Dying Scene writers aren’t much different than you Dying Scene readers. Yeah, we have news writing superpowers, but ultimately we are just super fans of the punk genre like the rest of you. And like the rest of you we have our own individual thoughts and opinions and sometimes we just got to get stuff off our chest. Editorial style. So with that in mind, we’d like to remind all of our handsomely toned and intelligent readers that the views expressed in these articles are the author’s and do not necessarily reflect those of the entire Dying Scene staff.
Working at a small town record store, I had the opportunity to meet throngs of people who shared little musical interests with me. Now usually this wouldn’t phase me, but goddamn it, I was working in a record store. Music was our common factor, bringing us together in the name of sonic discovery and commerce. But to my chagrin, the hipsters ruled my town with an iron, elitist fist. And when I wasn’t feigning affection for the latest Fleet Foxes record, I was inevitably tasked with defending my own preferences. It seemed that when I politely responded to queries regarding my musical interests (punk), the only encountered answer was “Oh, like The Catheters?”

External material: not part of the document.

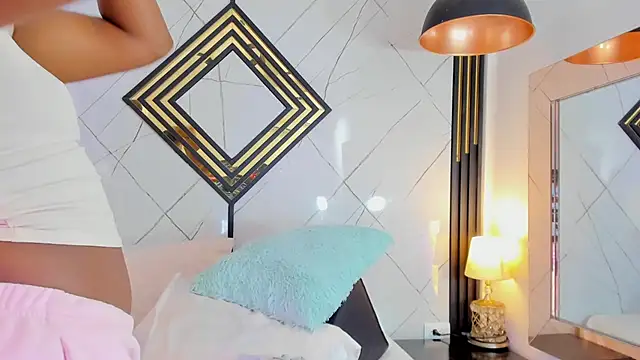 XXX chat uživo modela EmilyDiaaz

No, not like The Catheters.
It’s funny, with all the talk of how punk is commercialized, not many people are really familiar with the genre. I readily admit my horizons aren’t very broad. When I say I listen to punk I mean for people to read between the lines and silently insert the word ‘exclusively.’ But for all my failings as a well versed music listener, I am at the very least aware of what’s happening in different scenes. I know the hipsters like Bon Iver. Metalheads hate metalcore. Casual listeners are into Adele. I’m not oblivious. But how many non-punk enthusiasts do you know that can name even some of the bands that populate our top tier of accessible music? I’m not talking about Green Day, Rise Against, or Blink-182 either; those bands are so big that they crossover into mainstream music without the help or hindrance of the punk label. No, I’m talking about the bands everyone knows in the scene. Bands like No Trigger, Hot Water Music, or Banner Pilot. Even the music we tend to condescendingly dismiss as entry level is fairly unheard of outside our own kind. Pennywise and Bad Religion elicit more blank stares than conversation. Instead, we get The Catheters.

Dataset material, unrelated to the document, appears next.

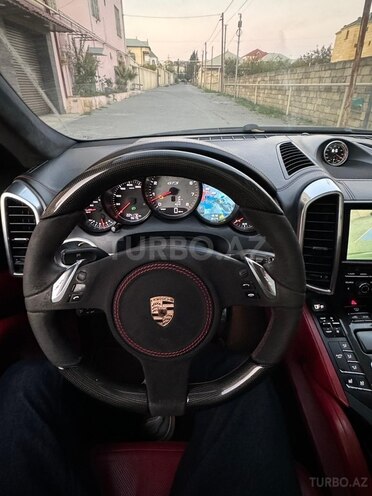 Porsche Cayenne GTS-9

So, needless to say, I had to turn to my fellow employees for musical discussion. I found that there was at least one guy who liked Leftover Crack, and while that wasn’t exactly what I wanted, I wondered if it was perhaps what I needed. On a warm and sunny summer afternoon I was hanging out after my shift for no real reason but to talk with someone who shared some of my interests. Idly, my fingers spidered up and down through alphabetized CD spines.
There’s a phrase, a combination of words every punk hears at some point or the other. So ubiquitous in punk rock that they almost define it. I was about to hear these words uttered with the casual conviction they are so often delivered.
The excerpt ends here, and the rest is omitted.